TASK GOAL:
Using the material that follows, output exactly the lines from the one containing "May include: A" through the one containing "Minimalist light grey", with both ends kept.

INFORMATION:
>>>

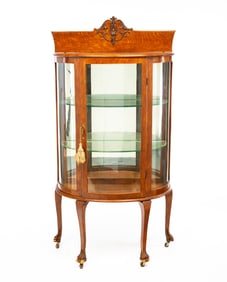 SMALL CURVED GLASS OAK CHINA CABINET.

<<<
>>>

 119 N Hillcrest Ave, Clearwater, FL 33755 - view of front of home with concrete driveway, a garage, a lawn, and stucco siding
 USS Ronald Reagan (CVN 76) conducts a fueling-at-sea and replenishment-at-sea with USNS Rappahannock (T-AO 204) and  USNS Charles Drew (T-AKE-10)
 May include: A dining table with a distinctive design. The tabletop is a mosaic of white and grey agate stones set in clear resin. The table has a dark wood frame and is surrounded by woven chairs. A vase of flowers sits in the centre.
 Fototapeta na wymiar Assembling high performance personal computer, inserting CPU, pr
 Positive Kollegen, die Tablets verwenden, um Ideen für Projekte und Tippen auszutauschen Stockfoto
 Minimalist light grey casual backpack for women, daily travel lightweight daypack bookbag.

<<<

RESULT OF THE EXERCISE:
 May include: A dining table with a distinctive design. The tabletop is a mosaic of white and grey agate stones set in clear resin. The table has a dark wood frame and is surrounded by woven chairs. A vase of flowers sits in the centre.
 Fototapeta na wymiar Assembling high performance personal computer, inserting CPU, pr
 Positive Kollegen, die Tablets verwenden, um Ideen für Projekte und Tippen auszutauschen Stockfoto
 Minimalist light grey casual backpack for women, daily travel lightweight daypack bookbag.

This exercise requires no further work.